# Beans - Benugos coffee?



## Sunnyv5 (Jun 21, 2020)

Hi all

I have just joined this forum so hello to everyone 

I recently purchased a SAGE Barista express machine. It's my first coffee machine and I am excited to use it. Fortunately Currys eBay had a deal on and so it cost me about £460

I am not a coffee expert but I wanted to have a machine just to add a bit of fun to the process.

can you help me find coffee beans please that I can use with the machine?

i usually drink a flat white or a mocha from Benugos as I prefer the taste to Starbucks, Costa, other chains etc

What beans do you recommend I try that could be similar taste to Benugos? I can't seem to find a way to buy their beans, but any suggestions that work with my Sage machine would be appreciated. Thanks!


----------



## Rapid (Jun 12, 2020)

Hello and welcome. I'm pretty new hear myself and thus, not an expert.

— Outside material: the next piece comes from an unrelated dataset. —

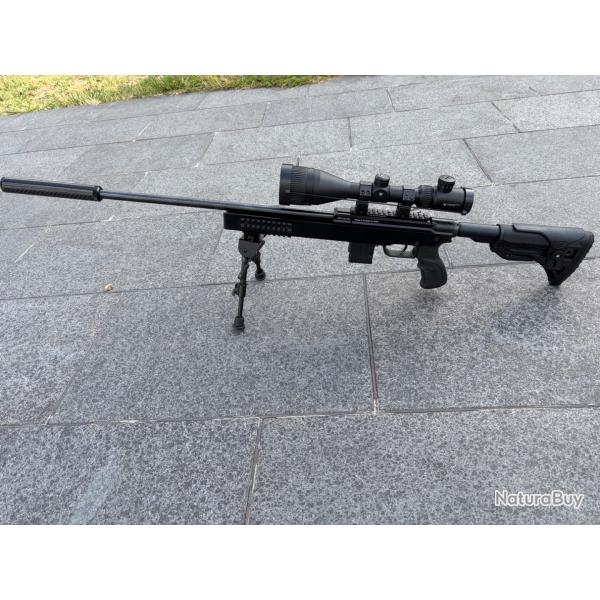 Pack carabine ISSC CAL.22Ir + lunette Vortex 3/12X56 + silencieux + bipied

Here's some info on the beans you like: https://www.benugo.com/about/catering-w/coffee

So a blend of Brazillian, c. America and Vietnam. The fact that is even has 10% Robusta in it tells me you're going to want something full bodied. Considering you like milk drinks I'd also suggest a dark roast espresso style. Brazillian often lends to fuller body so I'd look at dark roast expresso blends consisting of beans from the Americas.

I drink pourovers so not the best person to recommend a particular bean. However it just so happens that one of the main advertisers and contributors on here @Black Cat Coffee has an espresso blend of Brazillian, Central American and Indonesian! Whadayaknow.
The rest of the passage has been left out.